February 5, 1998.
Toronto, Ontario - KINROSS GOLD CORPORATION (TSE-K; NYSE-KGC) announced today that results
for the three months and year ended December 31, 1997 are as follows:
Financial Tables
All results are expressed in United States Dollars unless otherwise stated.
Kinross is pleased to provide the following detail regarding the Company’s significantly improved
operating performance in the fourth quarter, 1997. Although the average spot price of gold in the
fourth quarter was $307 per ounce compared to $324 in the third quarter, operating income for the
fourth quarter improved to $3,383,000 compared to an operating loss of $769,000 in the third quarter.

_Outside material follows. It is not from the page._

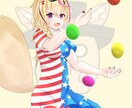 全力でイラストを描きます 見たいキャラ・アングル・ポーズを自由に　夢絵・単体絵なんでも イメージ3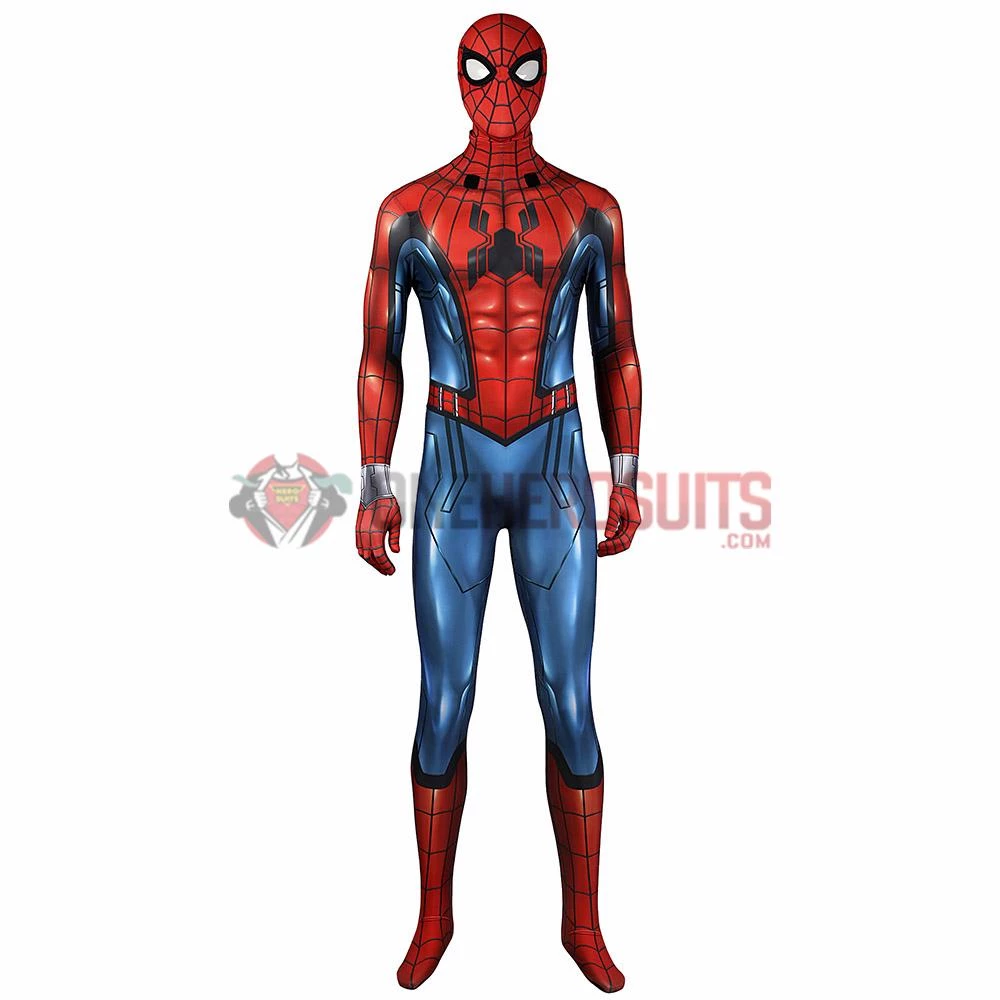 OneHeroSuits Zombie Hunter Spider-man Cosplay Costume 3D Printed Jumpsuits With Cloak 7 OneHeroSuits Zombie Hunter Spider-man Cosplay Costume 3D Printed Jumpsuits With Cloak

This improvement was a result of record quarterly gold equivalent production of 145,204 ounces at a
cash operating cost of $226 per gold equivalent ounce. Despite lower gold prices, operating cash flow
before changes in non-cash working capital improved to $8,621,000 in the fourth quarter compared to
$7,305,000 in the third quarter. The operating results validate the position stated in the third quarter
interim statement that Kinross is a low cost gold producer and is financially strong.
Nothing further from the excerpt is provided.